On macOS, set OPENSSL_ROOT_DIR if Homebrew OpenSSL is not auto-detected (the build script tries openssl@3 then openssl@1.1).

Reporting issues

Include the full version report in any issue — it captures aiopquic plus the picoquic + picotls submodule SHAs the binding was built from:

python -m aiopquic.versions   # or the console script: aiopquic-versions

Sample output:

aiopquic 0.3.5.dev4+g2ffe8947d.d20260522
         /path/to/aiopquic
picoquic 2b1e14d5a46532eadf691edef5bd747da6de6557
picotls  f350eab60742138ac62b42ee444adf04c7898b0d

If you're running aiomoqt on top, prefer python -m aiomoqt.versions — it chains through to this report and includes the aiomoqt version too.

Usage

Low-level Transport API

from aiopquic._binding._transport import TransportContext

server = TransportContext()
server.start(port=4433, cert_file="cert.pem", key_file="key.pem", alpn="moq-00", is_client=False)

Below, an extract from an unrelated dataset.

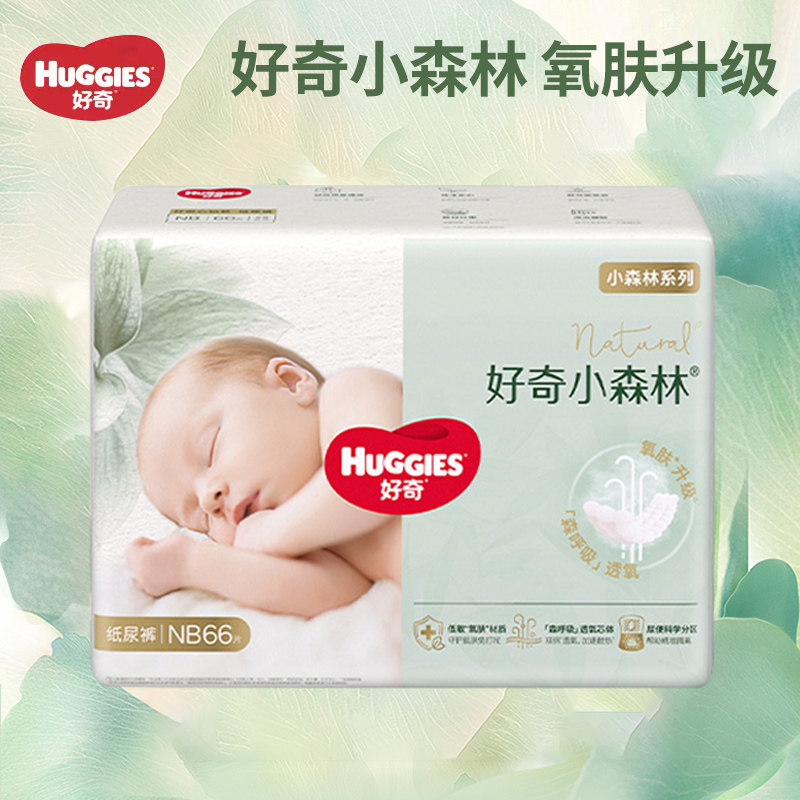 好奇心钻小森林拉拉裤LXLXXLXXXL纸尿裤婴幼儿超薄透气宝宝尿不湿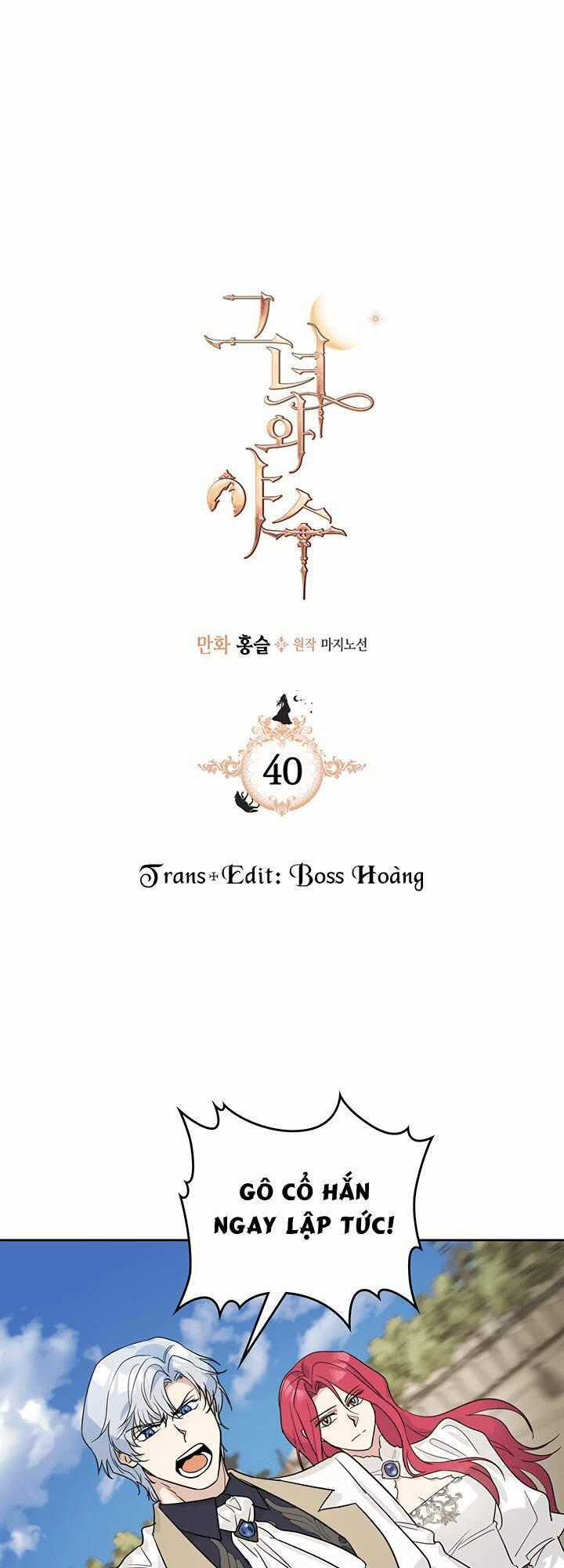 Người Đẹp Và Quái Vật Chương 40 trang 1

client = TransportContext()
client.start(port=0, alpn="moq-00", is_client=True)
client.create_client_connection("127.0.0.1", 4433, sni="localhost", alpn="moq-00")

Asyncio API

from aiopquic.asyncio.client import connect
from aiopquic.quic.configuration import QuicConfiguration

configuration = QuicConfiguration(alpn_protocols=["myproto"], is_client=True)

async with connect("server", 4433, configuration=configuration) as protocol:
    quic = protocol._quic
    stream_id = quic.get_next_available_stream_id()
    quic.send_stream_data(stream_id, payload, end_stream=True)
    protocol.transmit()

payload is opaque bytes; the library doesn't impose framing. Consumers that want HTTP/3 layer on top of aiopquic's picowt-backed h3zero plumbing; consumers that want WebTransport use serve_webtransport / connect_webtransport. Most direct users of the asyncio API ship their own protocol bytes (MoQT, custom binary frames, etc.).

WebTransport

from aiopquic.asyncio.webtransport import (
    serve_webtransport, WebTransportSession,
)
# See src/aiopquic/asyncio/webtransport.py and tests/ for full examples.

Development

uv pip install -e '.[dev]'    # or: pip install -e '.[dev]'
python -m pytest tests/ -v -m "not interop and not native"

# Microbenches (opt-in)
python -m pytest tests/bench

Performance build (opt-in)

Default builds use CMAKE_BUILD_TYPE=Release (-O3 -DNDEBUG), portable across hosts. Two opt-in env vars layer on host-tuned optimizations for local benching — neither is enabled in PyPI wheels:

# Host-tuned: Fusion AES-GCM (x86_64), DISABLE_DEBUG_PRINTF,
# -O3 -march=native -flto. Binary becomes machine-specific.
AIOPQUIC_PERF=1 ./build_picoquic.sh

Per-platform behavior:

Knob Linux x86_64 Linux ARM64 macOS arm64 macOS x86_64
-O3 -DNDEBUG (always on)
DISABLE_DEBUG_PRINTF
Fusion AES-GCM (CPUID-dispatched)
-march=native / -mcpu=native + -flto

Experimental: AIOPQUIC_IO_URING=1 (DORMANT)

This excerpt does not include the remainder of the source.